All-22: Bennie Logan And ‘No-Run Day’

all22_logan_400Defensive line coach Jerry Azzinaro has a philosophy when it comes to getting his guys prepared: coach during the week, and let them play on Sundays.

For the Eagles, the practice week starts on Tuesday. But that session is primarily spent correcting mistakes from the previous game. Wednesday is when the team puts the pads on and looks ahead to the upcoming opponent.

On most weeks, for the defense, that means an emphasis on stopping the run. While much of the league is focused on figuring out ways to get to the quarterback, Billy Davis has employed a two-gap 3-4 scheme that focuses on controlling the ground game. So when defensive linemen arrive at NovaCare on Wednesdays, the game-planning usually starts with the same idea.

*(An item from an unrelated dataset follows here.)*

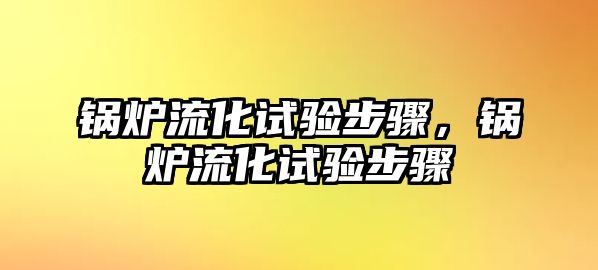 鍋爐流化試驗(yàn)步驟，鍋爐流化試驗(yàn)步驟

“It’s the beginning of the workload week for us,” said rookie Bennie Logan. “So that’s the main thing going into any game is stop the run, try to get teams as one-dimensional as possible. You figure we stop the run against most teams, that pretty much changes their whole offensive plan. And that’s our main thing Wednesday, we call it our no-run day. So we make sure we focus on our technique, getting our hands on the opponent and make sure they don’t get no big runs on us during practice. Because if they get it in practice, pretty sure they’ll get it in games.

“You get your hands on people, anybody, you can pretty much stop the running game. That’s our main thing when we go into games is make sure we get our hands on our opponent and just control the line of scrimmage so the linebackers can flow.”

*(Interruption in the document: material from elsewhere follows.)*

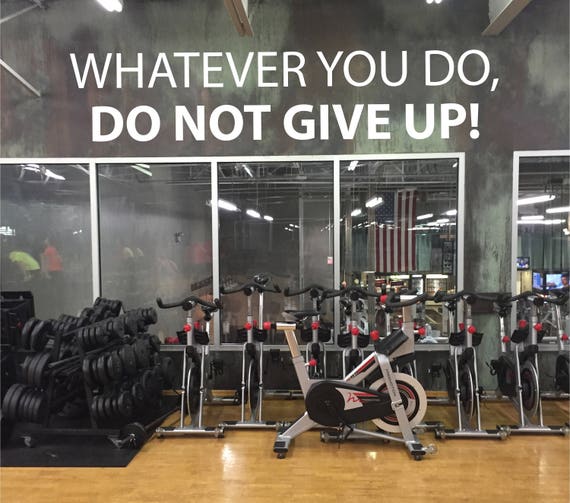 Fitness Wall Decal, Classroom Wall decor, Whatever you do, Do Not GIVE UP!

The Green Bay Packers have been a much more balanced offense this season with the addition of Eddie Lacy. But with Aaron Rodgers out and Seneca Wallace projected to start, Lacy and James Starks can expect to carry an even heavier load.

For the Eagles, that means once again gearing up to stop the run.

As for Logan, he got his first start Sunday at nose tackle in place of the departed Isaac Sopoaga and held up well, finishing the game with four tackles to lead all Eagles defensive linemen.

It didn’t take him long to make an impact either. On the Raiders’ second offensive play, Logan was lined up across from the center.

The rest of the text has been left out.